Supplied material:
◆ ◆ ◆
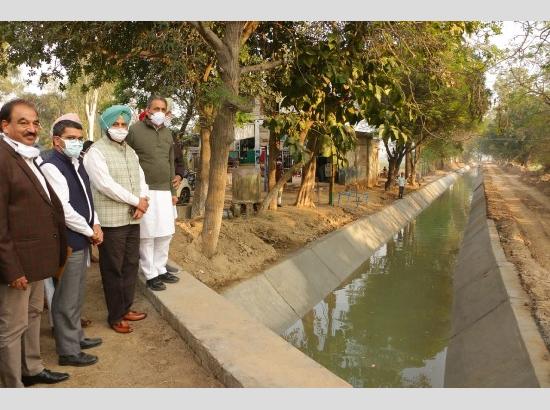Sarkaria and Singla inaugurate renovation of irrigation channels in Sangrur
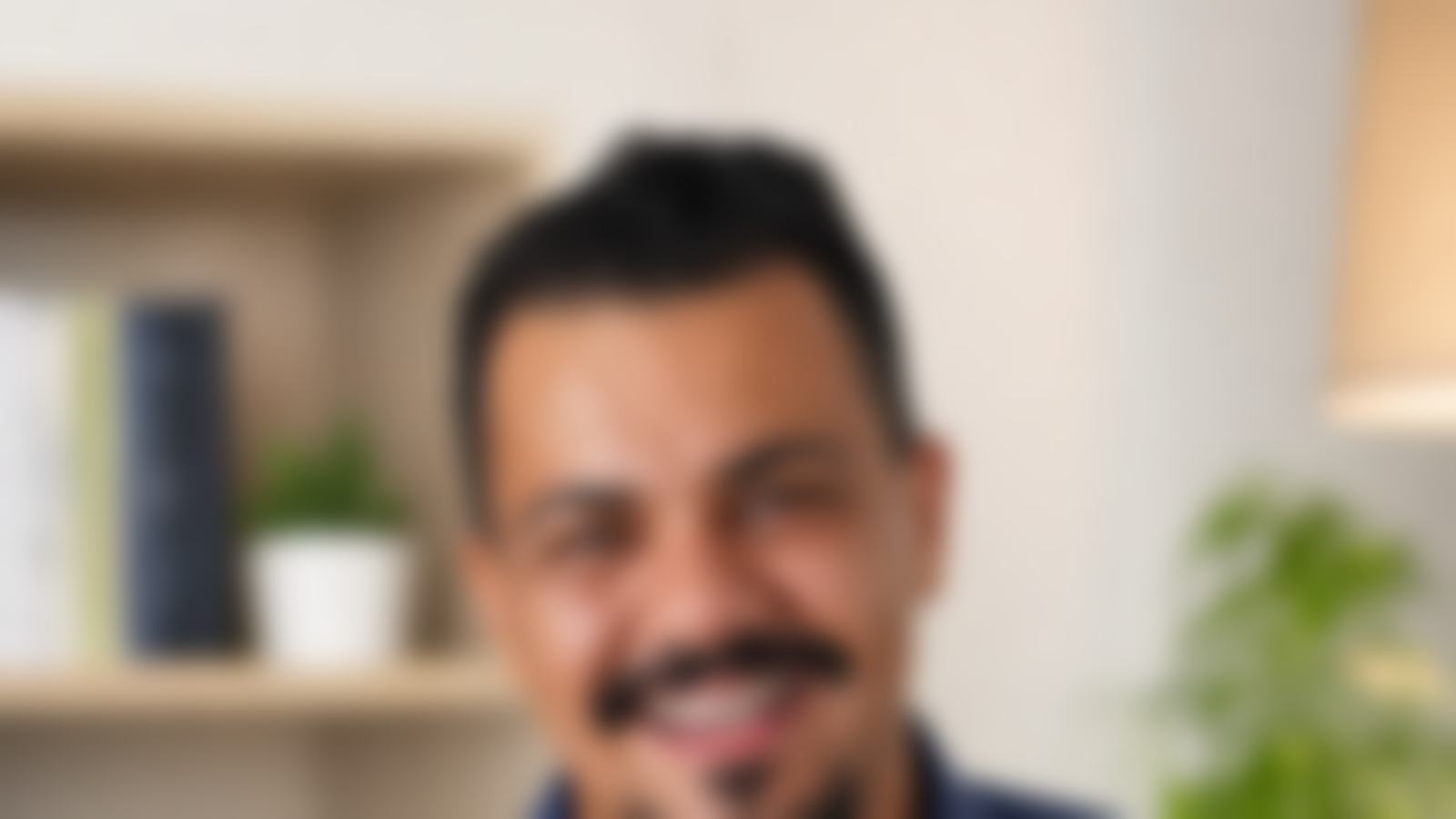 Consultório de psicologia em Divinópolis, com poltronas e iluminação natural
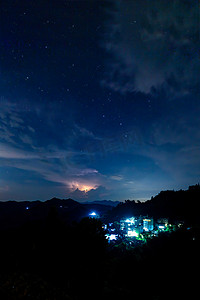 家庭旅游半夜星空山区飘动摄影图配图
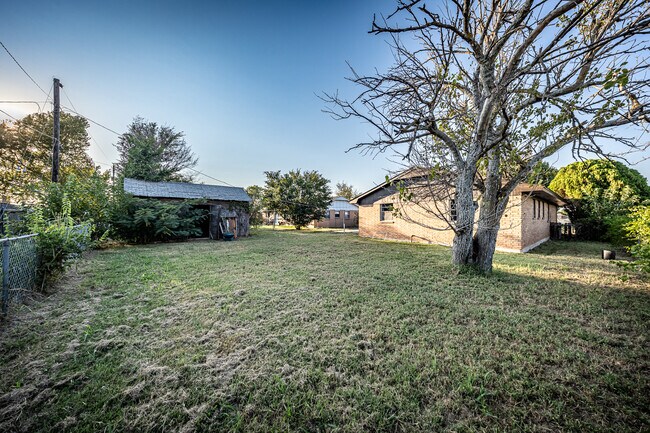 Building Photo - 5011 SE Avalon Ave
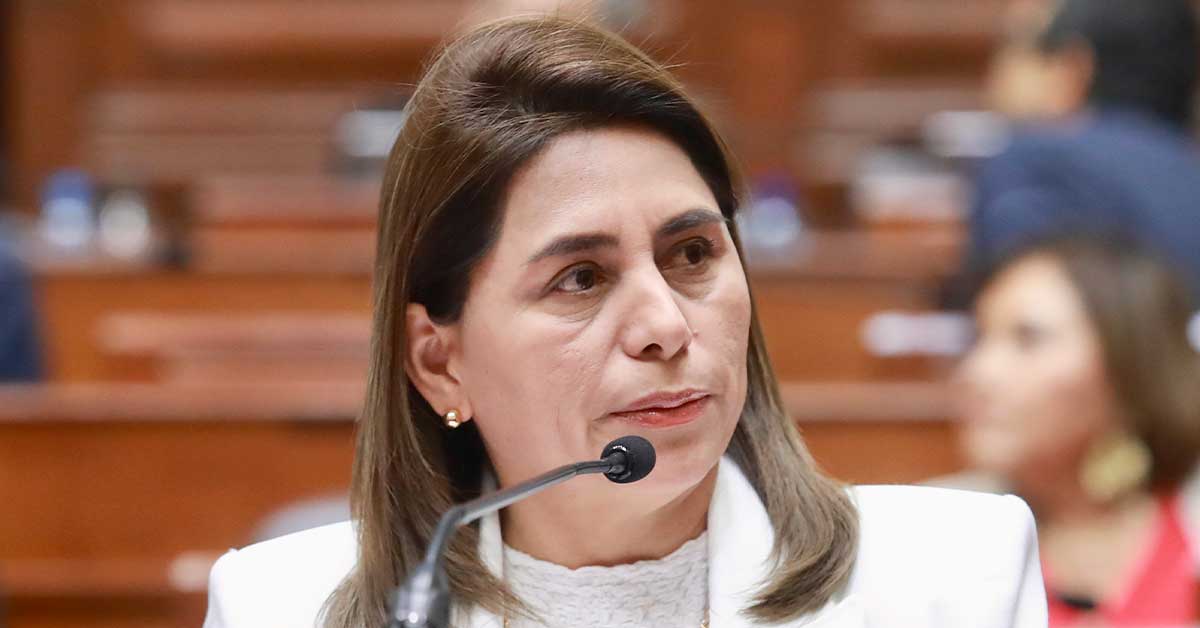 Presidenta Dina Boluarte acepta renuncia de Rosa Gutiérrez al cargo de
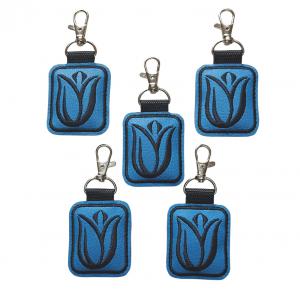 Hímzett tulipános kulcstartó karabinerrel fekete-kék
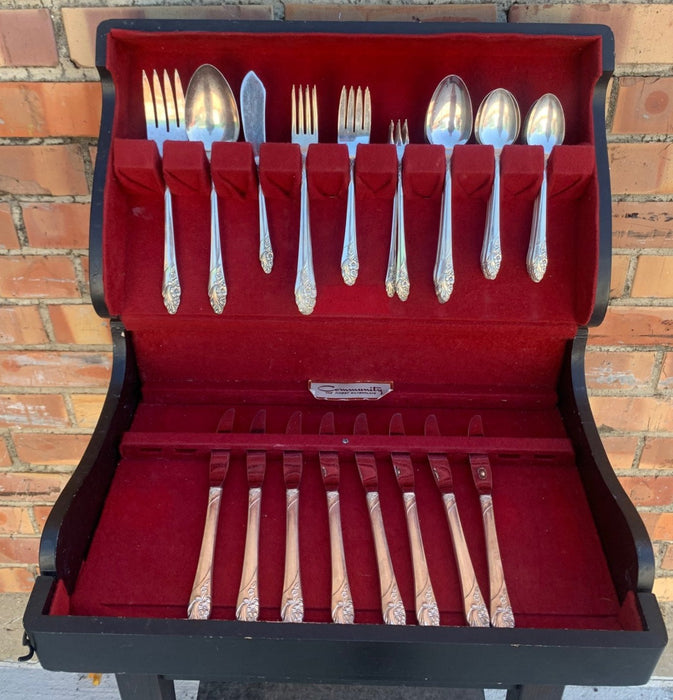 LOT OF COMMUNITY SILVERPLATE CUTLERY IN EBONIZED CHINOISERIE BOX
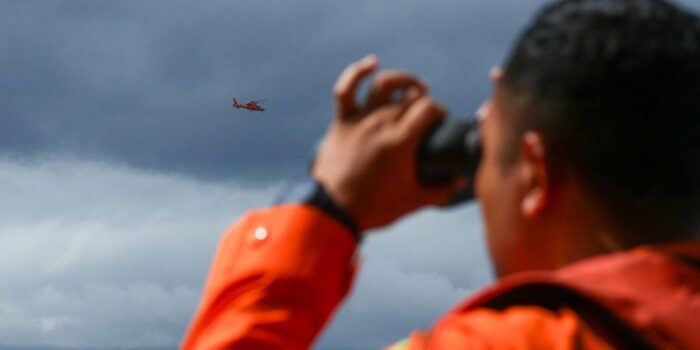 Berita Operasi SAR Hari Kedua, Tim Tak Temukan Korban Kapal Tenggelam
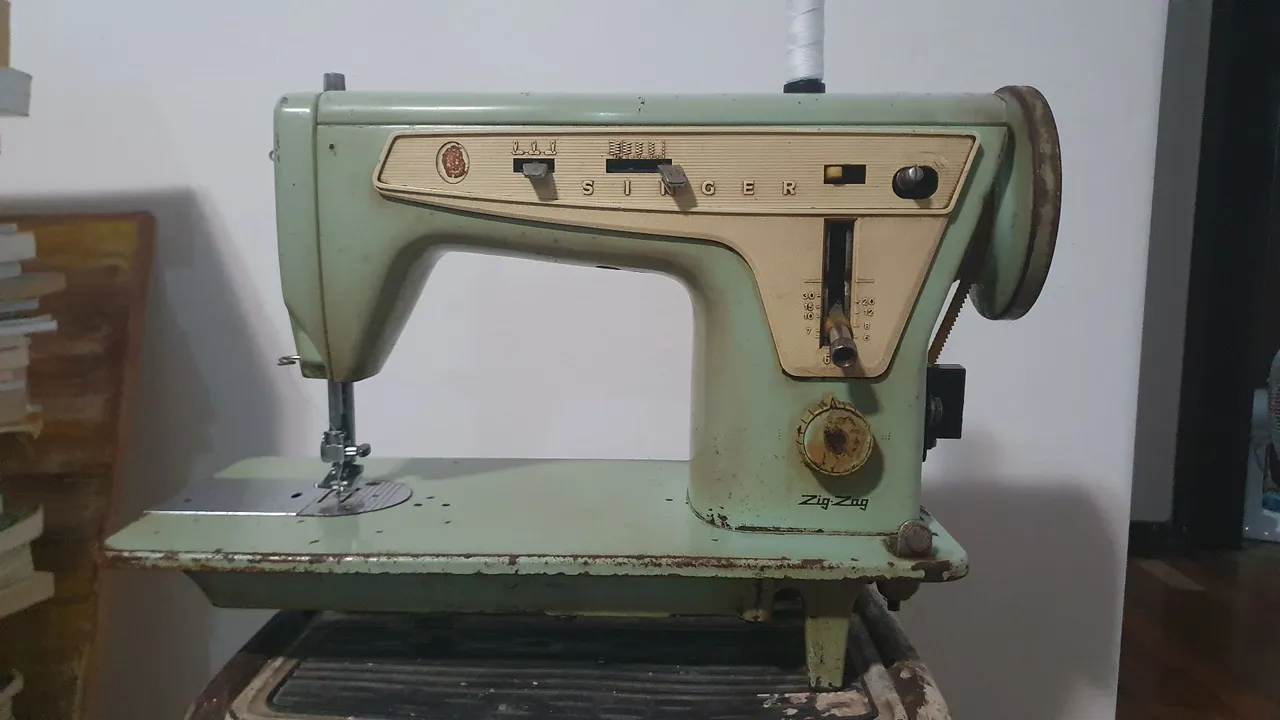 Máquina de Costura Singer Zig Zag Antiga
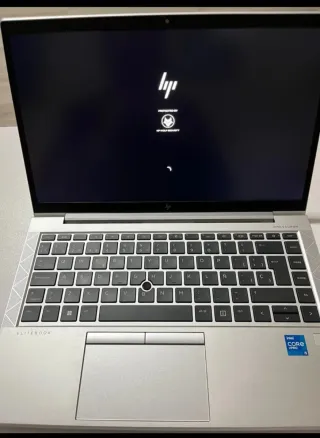 HP EliteBook 840 G8 Plata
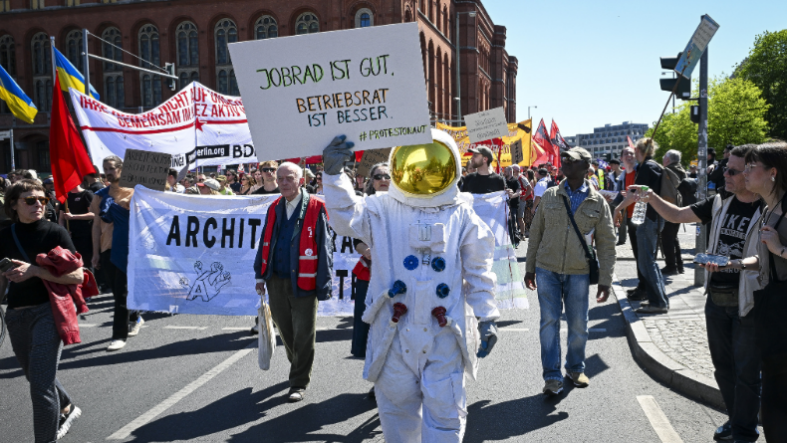1 Mayis1
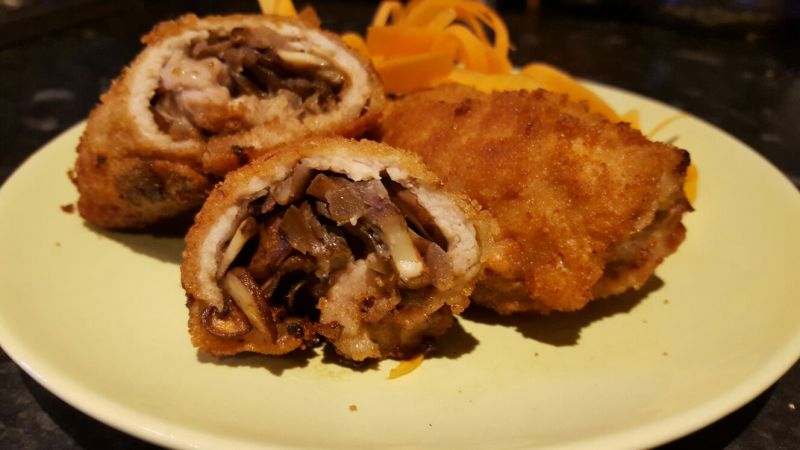 Panierowane schabowe zawijasy z pieczarkami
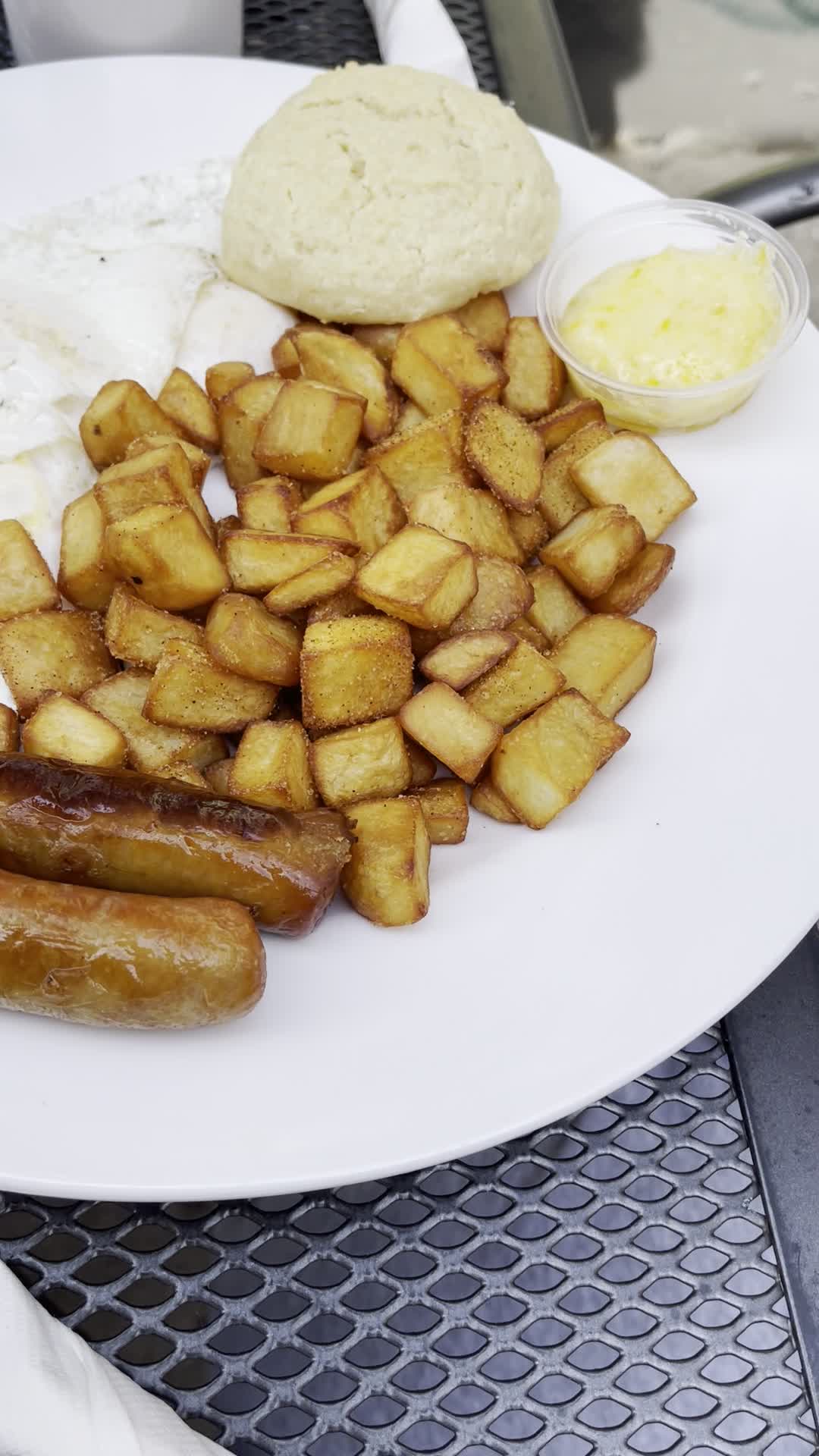 The Food And Art Cafe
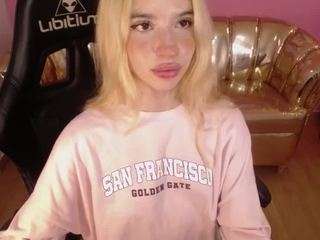 Alina-lee-t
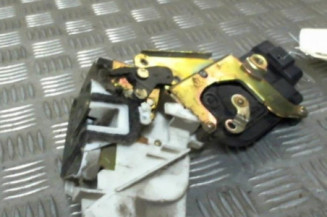 Serrure arriere droit SUZUKI IGNIS 2 Photo n°1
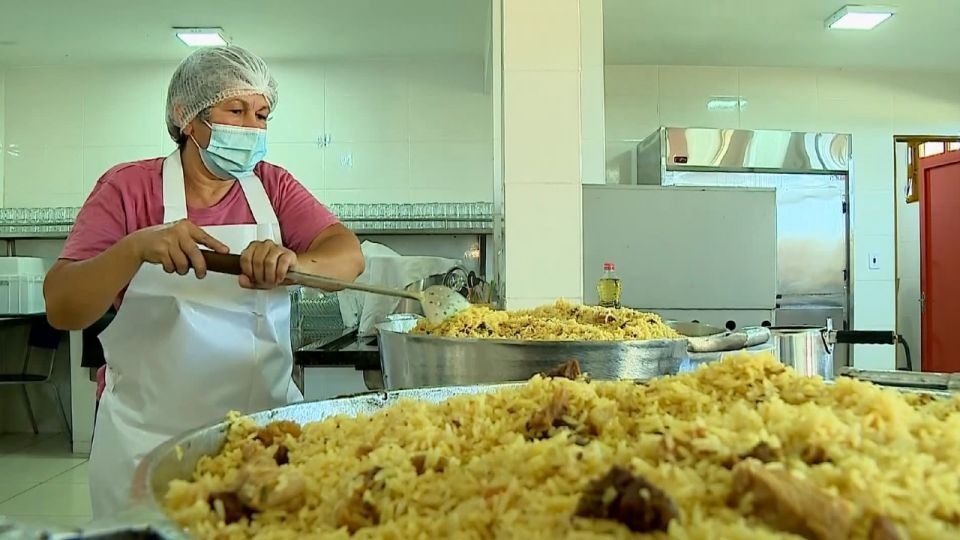 ALIMENTAÇÃO SAUDÁVEL | Governo de Goiás fornece 800 mil merendas por dia para estudantes da rede pública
◆ ◆ ◆
Aim of the task: All of the data above should be printed again exactly, though none of the pictures belong in the copy.

Exercise response:
Sarkaria and Singla inaugurate renovation of irrigation channels in Sangrur
 Consultório de psicologia em Divinópolis, com poltronas e iluminação natural
 家庭旅游半夜星空山区飘动摄影图配图
 Building Photo - 5011 SE Avalon Ave
 Presidenta Dina Boluarte acepta renuncia de Rosa Gutiérrez al cargo de
 Hímzett tulipános kulcstartó karabinerrel fekete-kék
 LOT OF COMMUNITY SILVERPLATE CUTLERY IN EBONIZED CHINOISERIE BOX
 Berita Operasi SAR Hari Kedua, Tim Tak Temukan Korban Kapal Tenggelam
 Máquina de Costura Singer Zig Zag Antiga
 HP EliteBook 840 G8 Plata
1 Mayis1
 Panierowane schabowe zawijasy z pieczarkami
 The Food And Art Cafe
 Alina-lee-t
 Serrure arriere droit SUZUKI IGNIS 2 Photo n°1
 ALIMENTAÇÃO SAUDÁVEL | Governo de Goiás fornece 800 mil merendas por dia para estudantes da rede pública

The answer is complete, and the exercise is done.